### TASK
Only an exact copy of the lines from the one containing "Желатин замачиваем в" through the last line of the material below belongs in the answer, with no pictures.

### DATA BELOW
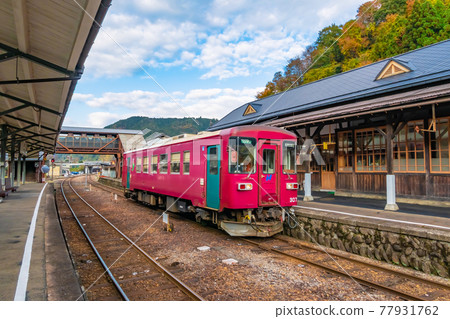 充滿復古昭和氛圍的郡上八幡站 <岐阜縣郡上市> 77931762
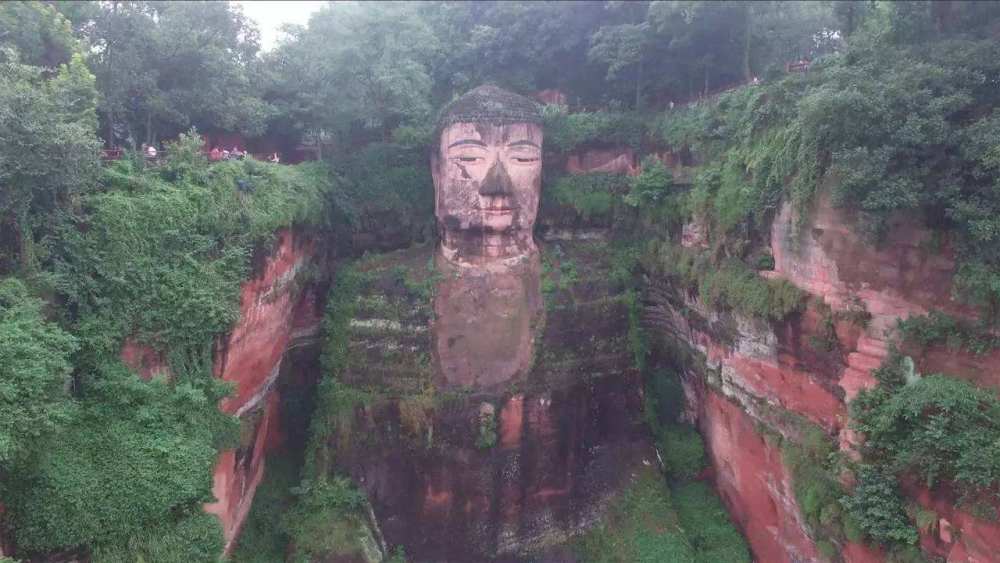 乐山大佛第4次闭眼难道又有大事要发生镜头记录下全过程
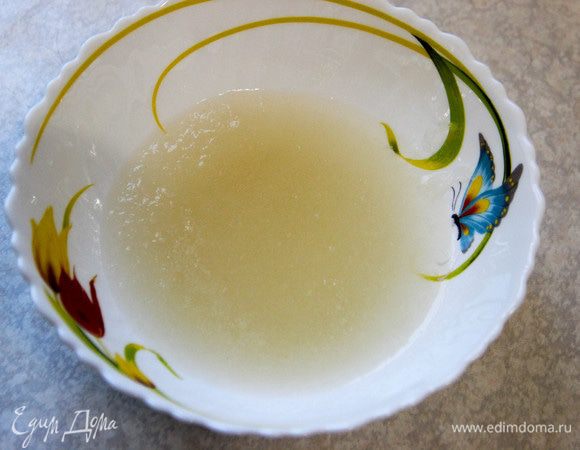 Желатин замачиваем в холодной воде на 40 минут. 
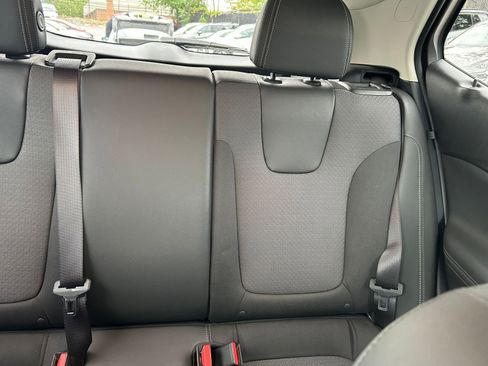 Used 2025 Buick Encore GX Preferred FWD image 32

### RESULT OF THIS EXERCISE
 Желатин замачиваем в холодной воде на 40 минут. 
 Used 2025 Buick Encore GX Preferred FWD image 32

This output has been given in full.